With a distinct range up/new contract high/new all-time high in March palladium yesterday, it is clear that palladium is looking through macroeconomic turbulence to smoother global waters ahead. However, the prospect of fewer US rate hikes ahead should be a one off windfall for the bull camp without something hopeful from US/Chinese trade negotiations the market might be looking for fresh bullish fodder. While the palladium market is obviously drawing speculative buying interest from projections of supply deficits ahead, the market should be inflating its spec long position with the market gaining another $33 an ounce from the last COT positioning report. However, the record spec and fund long in palladium is 30,209 contracts forged back in April 2013 and adjusted for the pulse up over the last week, we doubt the spec long has risen above 20,000 contracts.

With the rate hike yesterday, the gold market was caught slightly overbought on the charts and moderately overbought in its spec and fund long positioning but it forged some controlled corrective action and recovered in a fashion that leaves the bull camp confident. In the end we think the markets will ultimately be relieved at the normalization of rates and the trade could come to the conclusion that future hike decisions will now have a higher bar. In fact with ongoing weak data the market is likely to push the next hike further into the future. Therefore a generally favorable environment is in place for gold and silver but it will take step wise sustained declines in the Dollar for gold prices to “trend” higher. On the other hand if gold sees fresh evidence of noted capital inflows into gold ETF/derivative instruments that could give gold an added boost.
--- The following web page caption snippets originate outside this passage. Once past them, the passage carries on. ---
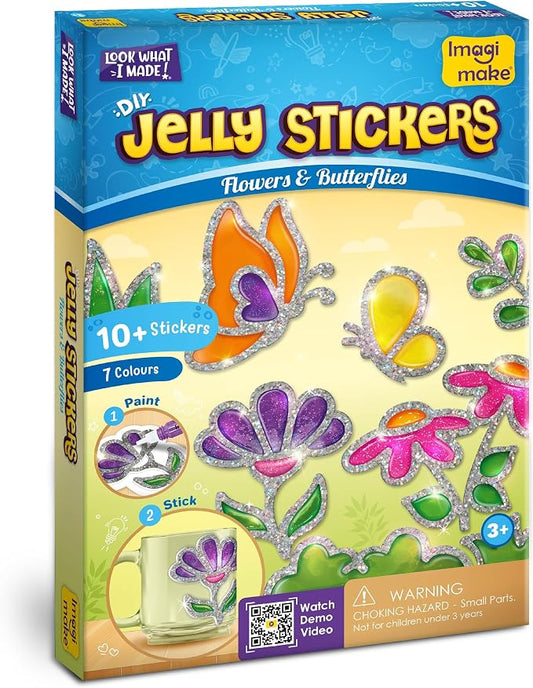 Imagimake DIY Jelly Stickers - Flowers & Butterflies, 10 Stickers, Art Kit | Paint, Peel & Stick Painting Activity for Kids, Birthday Gift for Boys & Girls Ages 3,4,5,6,7 Years Old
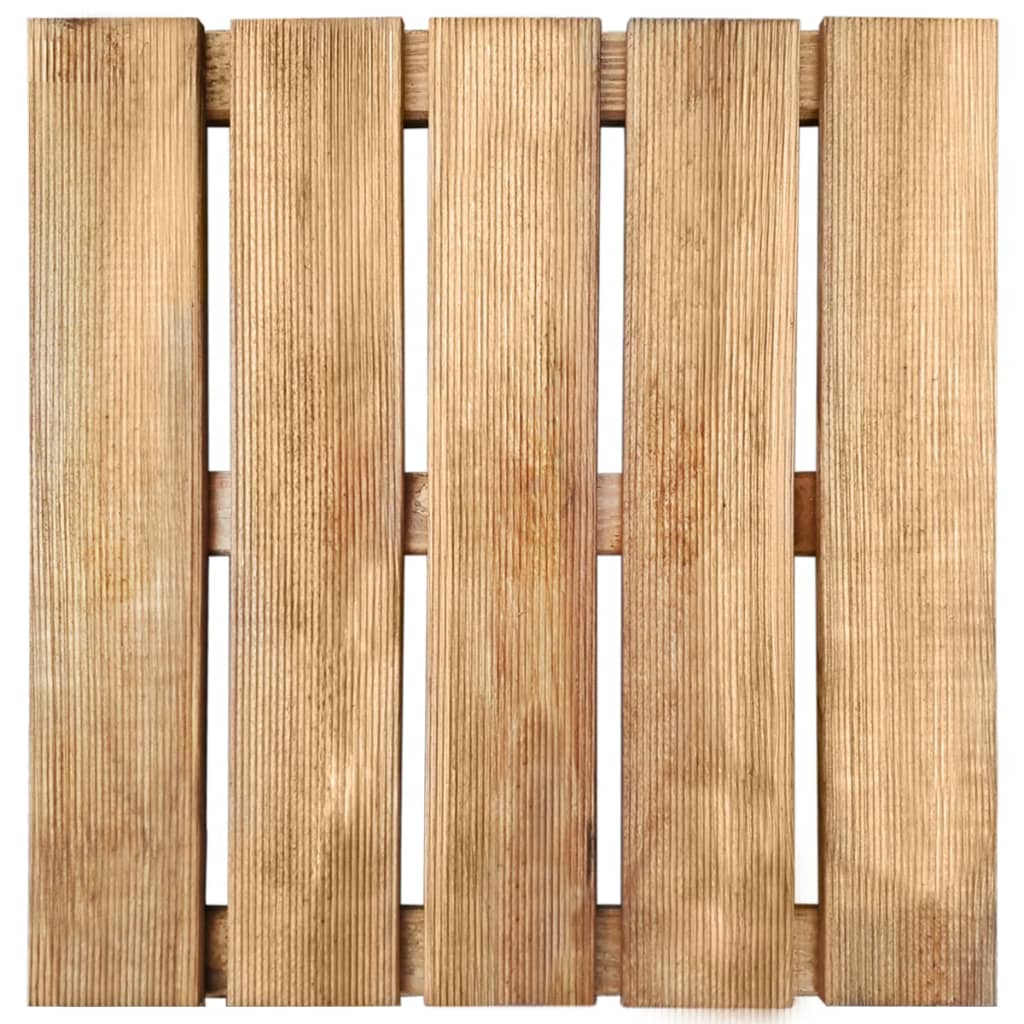 vidaXL Ladrilhos de pavimento 24 pcs 50x50 cm madeira castanho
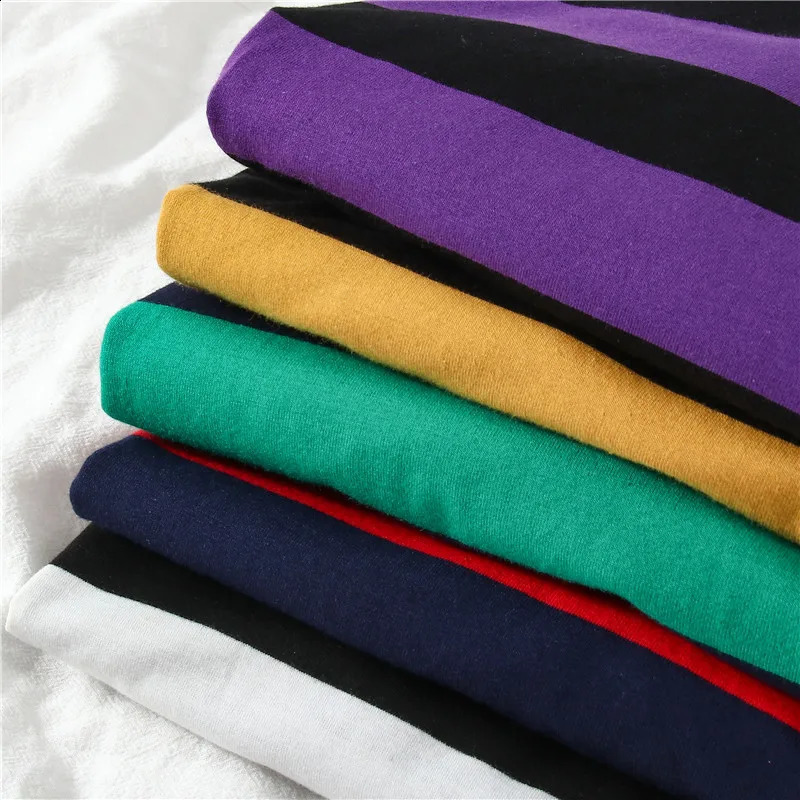 5 color Cotton Purple Striped Tops Slim Fit t shirt Harajuku Tshirt Summer Long Sleeve Korean Feminina oversized 241105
Critical support is raised to $1,250 and initial resistance is seen at $1,262.20.”

Silver closed up $0.05 at $14.75. Still a very active market but we did see public selling today.

Platinum closed unchanged today at $794.60 and palladium closed down $9.40 at $1230.80. Gold Surprises to the Upside

This is our usual ETF information – All Gold Exchange Traded Funds:

Total as of (12/12/2018) was 67,099,586. That number this week (12/19/2018) was 66,679,298 ounces so we dropped 420,288 ounces of gold.

The all-time record high for all gold ETF’s was 85,112,855 ounces in 2013. The record high for Gold ETF’s in 2018 was 70,728,953 and the record low for 2018 was 64,791,549.

All Silver Exchange Traded Funds: Total as of (12/12/18) was 633,397,856.  That number this week (12/19/18) was 631,726,169 ounces so we dropped 1,671,687 ounces of silver.

All Platinum Exchange Traded Funds: Total as of (12/12/18) was 2,218,022.  That number this week (12/19/18) was 2,220,313 ounces so we gained 2,291 ounces of platinum.

All Palladium Exchange Traded Funds: Total as of (12/12/18) was 824,425.  That number this week (12/19/18) was 769,358 ounces so we dropped 55,067 ounces of palladium.